Amazon Kinesis Data Streams as a source Amazon Kinesis Data Streams cross account as a source

Use an OpenSearch Ingestion pipeline with Amazon Kinesis Data Streams

Use an OpenSearch Ingestion pipeline with Amazon Kinesis Data Streams to ingest stream records data from multiple streams into Amazon OpenSearch Service domains and collections. The OpenSearch Ingestion pipeline incorporates the streaming ingestion infrastructure to provide a high-scale, low latency way to continuously ingest stream records from Kinesis.

Topics

Amazon Kinesis Data Streams as a source
Amazon Kinesis Data Streams cross account as a source

Amazon Kinesis Data Streams as a source

With the following procedure, you'll learn how to set up an OpenSearch Ingestion pipeline that uses Amazon Kinesis Data Streams as the data source. This section covers the necessary prerequisites, such as creating an OpenSearch Service domain or an OpenSearch Serverless Collection, and walking through the steps to configure the pipeline role and create the pipeline.

Prerequisites

To set up your pipeline, you need one or more active Kinesis Data Streams. These streams must be either receiving records or ready to receive records from other sources. For more information, see Overview of OpenSearch Ingestion.

To set up your pipeline

Create an OpenSearch Service domain or an OpenSearch Serverless collection

To create a domain or a collection, see Getting started with OpenSearch Ingestion.
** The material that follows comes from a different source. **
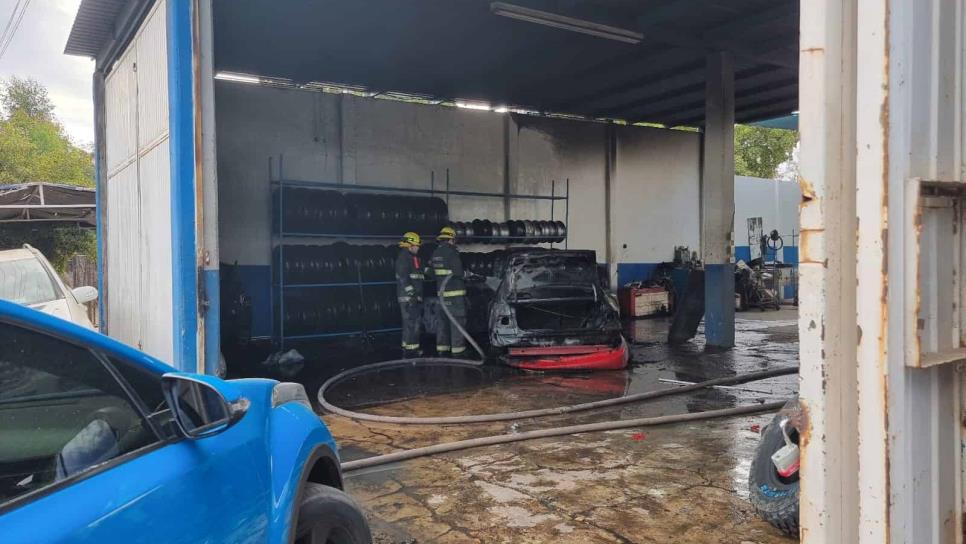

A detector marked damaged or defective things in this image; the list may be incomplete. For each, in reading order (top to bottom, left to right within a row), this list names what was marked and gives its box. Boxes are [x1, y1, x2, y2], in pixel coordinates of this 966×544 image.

burned car [492, 250, 628, 370] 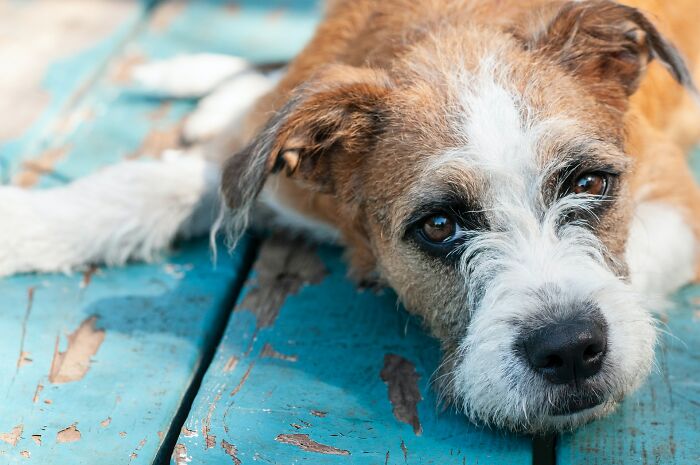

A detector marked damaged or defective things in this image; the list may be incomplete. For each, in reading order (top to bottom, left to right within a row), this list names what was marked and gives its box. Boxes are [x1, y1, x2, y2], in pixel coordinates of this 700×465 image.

To create an IAM role with the correct permissions to access write data to the collection or domain, see Resource-based policies.

Configure the pipeline role with permissions

Set up the pipeline role that you want to use in your pipeline configuration and add the following permissions to it. Replace the placeholder values with your own information.

If server-side encryption is enabled on the streams, the following AWS KMS policy allows to decrypt the records. Replace the placeholder values with your own information.

In order for a pipeline to write data to a domain, the domain must have a domain-level access policy that allows the sts_role_arn pipeline role to access it.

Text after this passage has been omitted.